Marek Ussowicz, Poland

Wrocław Medical University Dept of Pediatric Hematology and Oncology, BMT Unit CIC 817

Presenter of 2 Presentations

Poster Display Therapy

SALVAGE ALPHA-BETA T-CELL DEPLETED HAPLOIDENTICAL STEM CELL TRANSPLANTATION IN AN IPEX SYNDROME PATIENT – CASE REPORT

Lecture Time
10:51 - 10:52
Room
Poster Area
Date
20.09.2019, Friday
Session Time
10:00 - 17:00
Board Number
203
Presentation Topic
Therapy

Abstract

Background and Aims

The IPEX syndrome is the X-linked immunodysregulation syndrome, with poliendocrynopathy, and enteropathy caused by the FOXP3 mutation. Clinical hallmarks are enteropathy, endocrinopathy and dermatitis.

Methods

We report the patient with classical IPEX syndrome who developed insulin-dependent diabetes, autoimmune thyroiditis, nephrotic syndrome and coeliac disease.

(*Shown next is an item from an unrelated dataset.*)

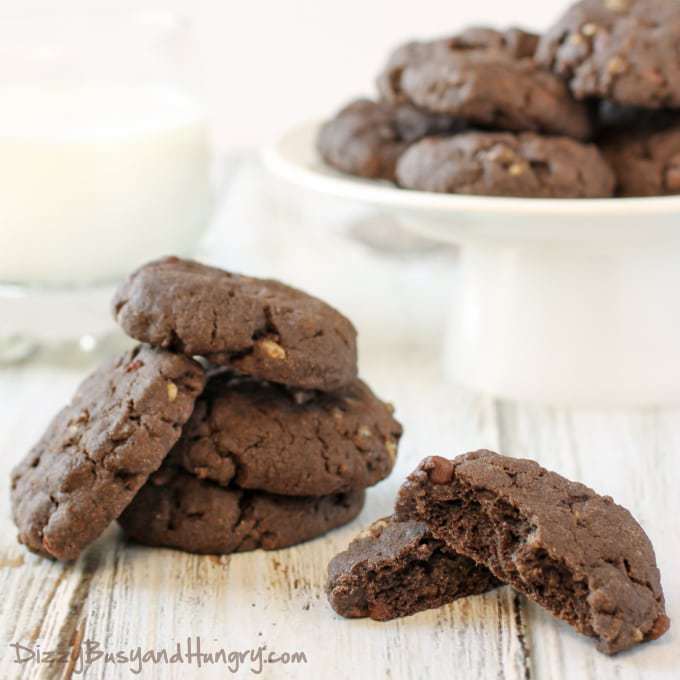 Close up shot of stacked double chocolate crunch cookies on a white plate on a wooden surface.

The patient was transplanted with an unrelated 8/10 HLA matched umbilical cord blood (UCBT) after conditioning regimen with treosulfan 36 g/m2, fludarabine 150 mg/m2, thiotepa 10 mg/kg, and Thymoglobulin at a dose of 7.5 mg/kg. Due to rapid and complete rejection of the UCBT, a second transplantation from a 6/10 HLA matched mother was performed.

Results

The second conditioning regimen consisted of busulfan 16 mg/kg, fludarabine 150 mg/m2, cyclophosphamide 1g/m2, Grafalon at a cumulative dose of 30mg/kg, and rituximab at a dose of 375 mg/m2. The donor underwent stem cell apheresis on day -1, and alpha-beta T-cell depletion was performed using the CliniMacs Prodigy. The graft product contained 15.06 x 106 CD34+ cells/kg BW and 4.19 x 105 alpha-beta T-lymphocytes/kg BW. From day +15 to +18, due to acute graft rejection the boy was treated with Thymoglobulin and the full donor chimerism was achieved. Around day +40 after transplantation, the boy developed symptoms of stage 1 skin graft versus host disease and was treated with topical steroids and mycophenolate mofetil. Three years after SCT, the patient remains free from GVHD and immunosuppression.

Conclusions

Haploidentical SCT in IPEX syndrome is feasible and well tolerated, but chimerism monitoring and aggressive graft rejection therapy are warranted due to hyperreactivity of autologous T-lymphocytes.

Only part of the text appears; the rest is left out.